Records from a dataset
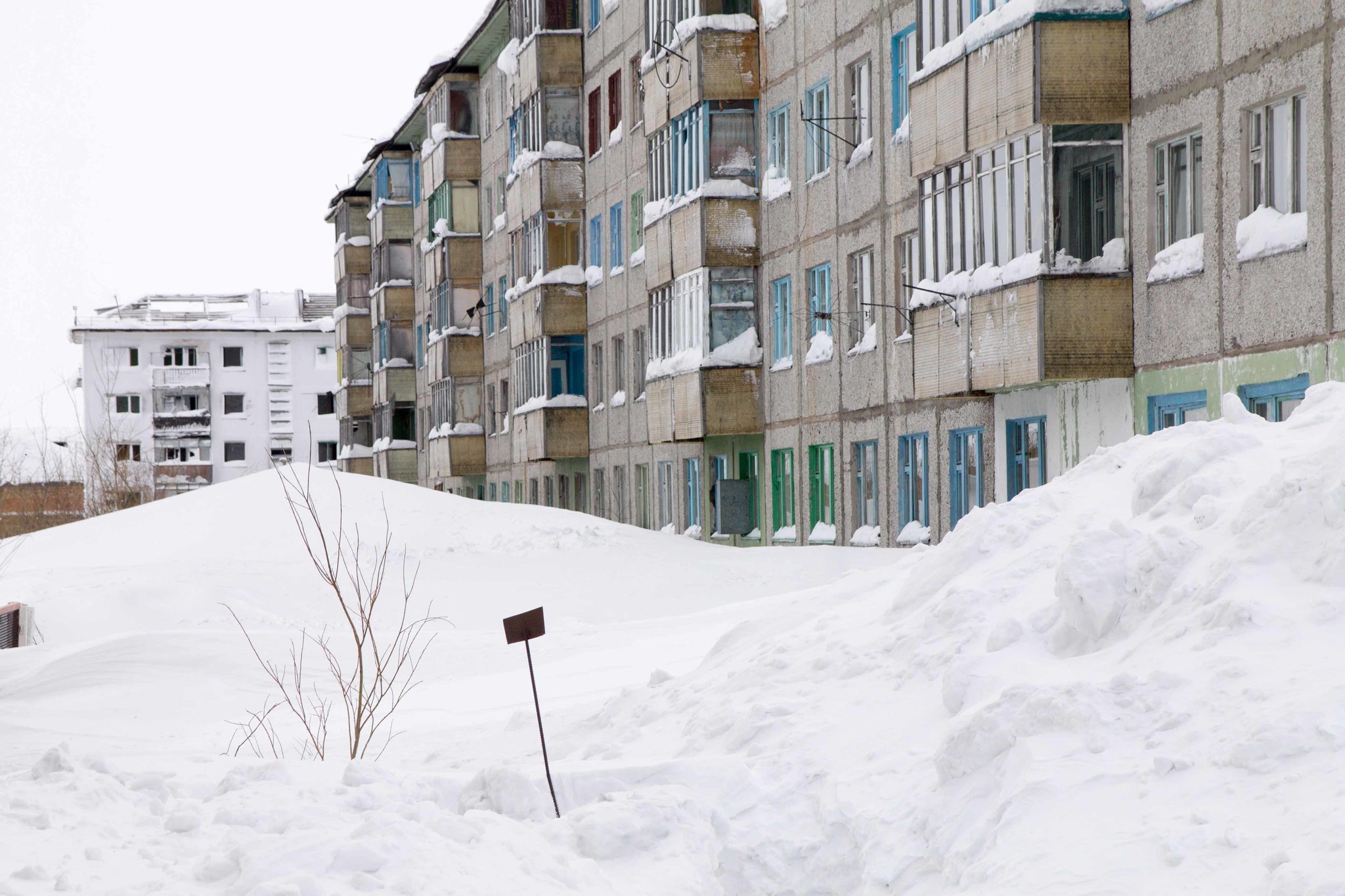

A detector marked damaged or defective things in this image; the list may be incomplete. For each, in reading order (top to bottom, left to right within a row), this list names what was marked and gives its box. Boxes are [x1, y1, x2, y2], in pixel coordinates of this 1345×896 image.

broken window [1049, 125, 1124, 266]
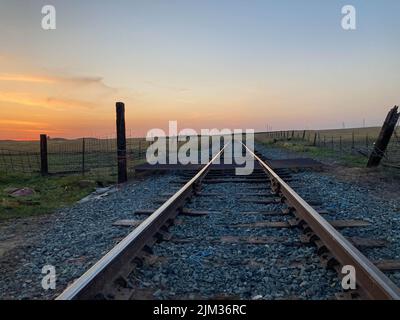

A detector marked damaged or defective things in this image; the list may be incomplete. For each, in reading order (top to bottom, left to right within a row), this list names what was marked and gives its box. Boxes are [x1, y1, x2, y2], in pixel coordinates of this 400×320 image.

rusty rail [55, 146, 228, 300]
rusty rail [242, 144, 400, 298]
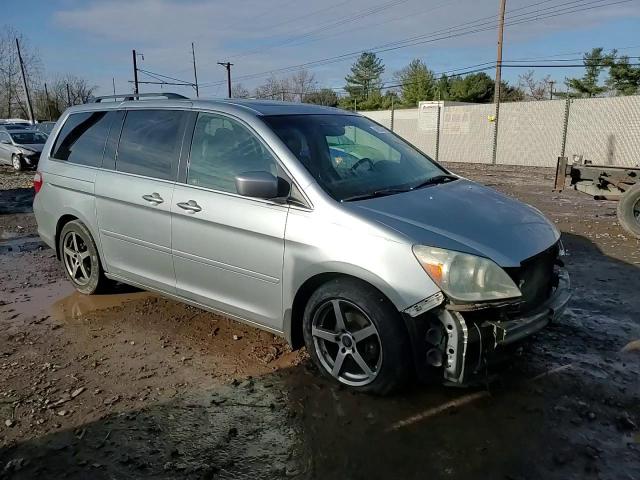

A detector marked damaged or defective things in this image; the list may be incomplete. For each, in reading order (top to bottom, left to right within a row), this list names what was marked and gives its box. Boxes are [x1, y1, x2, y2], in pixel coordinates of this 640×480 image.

damaged vehicle [0, 127, 47, 171]
damaged vehicle [32, 93, 572, 394]
cracked headlight [416, 246, 520, 302]
front bumper damage [402, 268, 572, 384]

• [Your assignment]:
From the line containing "this 400×320 image." through the last line of the records above, reproduce every line exactly, leaving out the pictures.

• [Answer to this problem]:
A detector marked damaged or defective things in this image; the list may be incomplete. For each, in reading order (top to bottom, left to right within a row), this list names what was marked and gives its box. Boxes are [x1, y1, x2, y2], in pixel coordinates of this 400×320 image.

rusty rail [55, 146, 228, 300]
rusty rail [242, 144, 400, 298]

A detector marked damaged or defective things in this image; the list may be incomplete. For each, in reading order (top to bottom, left to right within a row), this list names what was marked and gives its box. Boxes are [x1, y1, x2, y2], in pixel coordinates of this 640×480 image.

damaged vehicle [0, 127, 47, 171]
damaged vehicle [32, 93, 572, 394]
cracked headlight [416, 246, 520, 302]
front bumper damage [402, 268, 572, 384]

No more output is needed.